It was one in the morning and I finally left the tent my group was socializing in to go try my hand at sleeping in the neighboring tent. I slept in-between my teammates Ian and Cam. It was perfectly fine, aside from the hideously loud music blaring through the speakers, because both of them were radiating heat like no other. So I was nice ‘n warm.


Suddenly an icy chill attacked my face as I woke to see Cam getting up.

“What are you doing?” I groaned, losing my heater for the freezing night.

“I can’t sleep,” Cam replied agitatedly, pushing his hair out of his face, “I need to go anywhere but this tent…Running may tire me out quicker, maybe.” He fumbled his cold fingers on the zipper of the tent flap, forced himself out. When Ian saw this, he immediately conformed to Cam, and rolled out of the tent too, leaving me heatless and cold.

It was finally around 2:07 AM and I was alone. It was additionally ten degrees colder. Lovely, I know. I attempted to sleep. No such luck. So there I was, just chilling in my sleeping bag doing my best to stay warm and after a while I looked down at the hazy glow of my iPhone and realized about forty minutes had past. My head sank into the damp pillow beneath me as I heard footsteps coming near.

Ian was anxiously whispering my name, “Alyssa, Alyssa…Alyssa…Alyssaaaaa!”

I let out a frustrated, “What?”

“We’re breaking out.”


That’s all it took to get me interested.

It’s not that I didn’t like Relay, but honestly I felt miserable in the cold, sleepless, and wet environment. On top of it all, I was already sick. I felt gross. I felt disgusting. I felt exhausted.

At first, the guys weren’t completely serious about this. They just wanted to see if we could leave the restless despair behind to go sleep somewhere nicer. So we tried to take the easy way out and just walk out the front. That was when the ID fiasco came into play.

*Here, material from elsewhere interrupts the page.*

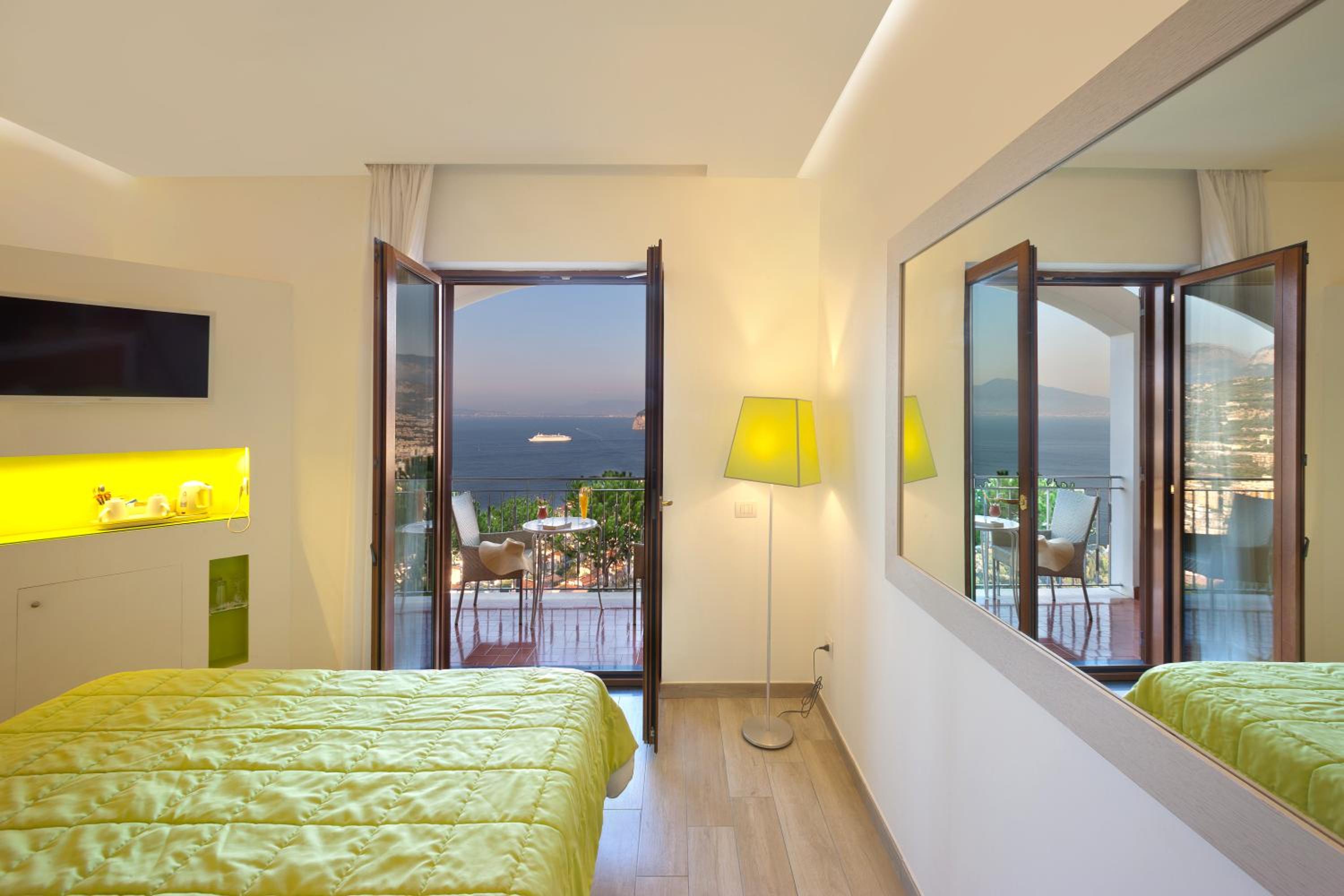 Deluxe Double or Twin Room with Sea View - Photo 1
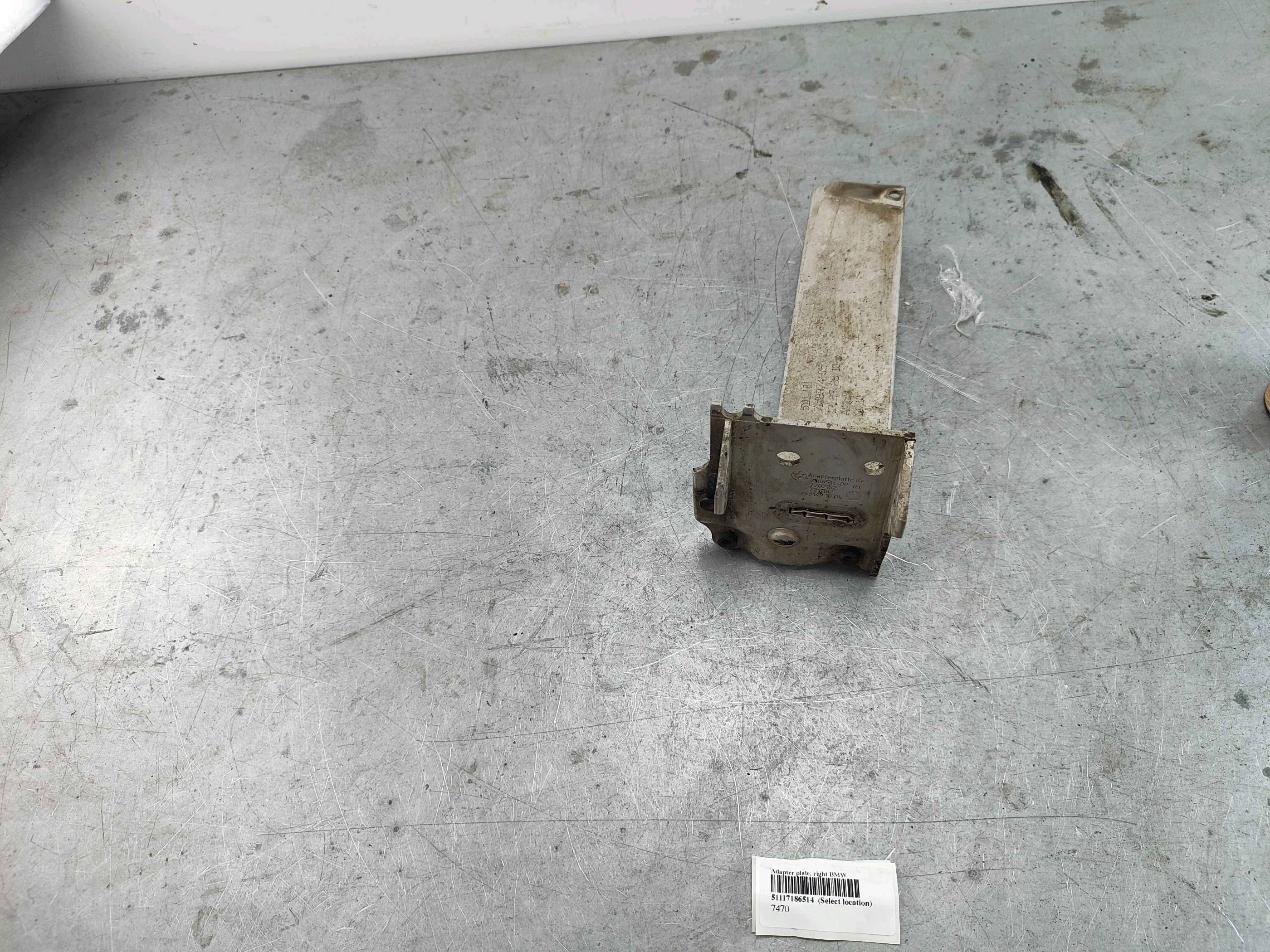 Adapter plate, right BMW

After that failed attempt, we walked the perimeter of the track and saw what looked like a slit in the offset fencing left of the visitor side bathrooms and discus nets. Cam went to the bathroom and I went to go look at the slit although we knew it would be an illusion. And indeed it was cruelly, and fully fenced. As Cam was in the bathroom, Ian followed me and saw this ladder 10 meters from the slit. The ladder appeared really sketch. Its width was that of a cereal box, and it looked like a crappy, wooden ladder you’d see on a moss infested pirate ship. The desperate in-need-of-rest-zombie I was went to go stand on it. To my complete surprise, it was sturdy and steel even though it looked wooden from far away.

We snuck back to where Cam was, trying to look natural by walking at a normal human’s pace, and showed him the escape ladder. It was a little over two thirds the size of the seven foot fence. We’d have to be quick about climbing it in plain sight of people on the track and then drop down to the grass on the other side.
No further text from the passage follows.